Analyzing word frequency distribution
Concept: Different words occur with widely differing frequencies. There are very few lexemes that occur extremely often. For most lexemes, however, the frequency of
occurrence is low. This function serves to determine and represent word frequency distribution within the entire corpus or a partial corpus, with the option to look into frequency distribution within
specific word classes.
Calling up this function for the entire corpus allows users to choose a text database from a drop down list ("Select text database"), the options being a (non-Demotic)
Egyptian and a Demotic corpus of texts. When this function is called up via part of the corpus, non-Demotic Egyptian will be the default setting.

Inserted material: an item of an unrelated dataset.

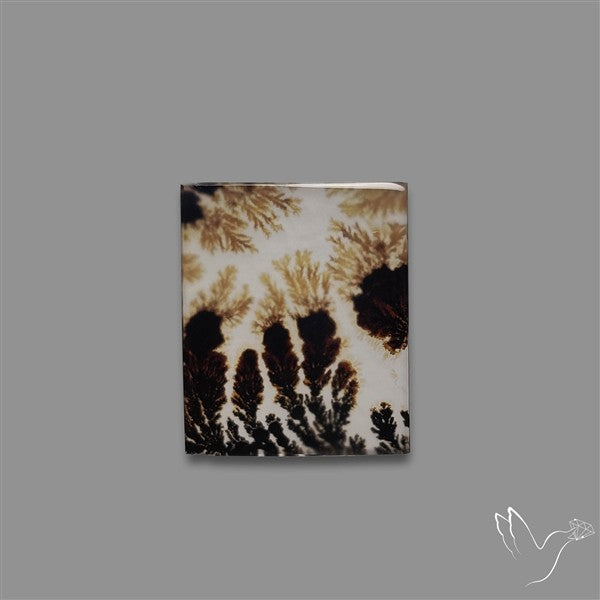 Scenic Agate Cabochon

- Using the drop-down list "Run analysis for word category" will restrict the procedure to specific word classes
- Using the drop-down list "Run analysis for", users may opt for the index to be generated for top level lemmata within the hierarchy of the lemma list (suggested), or just for individual lemmata.
- The drop-down list "Results graph scaling" allows to opt for a chart with a (suggested) bi-logarithmic (log-log) scale, a semi-logarithmic scale (only Y-axis logarithmic), or a linear scale.
- A numerical printout of results may be obtained by using the check box "Print numerical results table?". In most cases, however, a printout will not be necessary.
Results will be represented in chart form, with the graph showing the distribution of word frequencies on the requested scale.
Numerical results will be grouped in a table that includes the number of lexemes for each frequency class, and shows what proportion the incidences of these lexemes constitute relative to the entire
lexical inventory. These values are displayed also in cumulated form.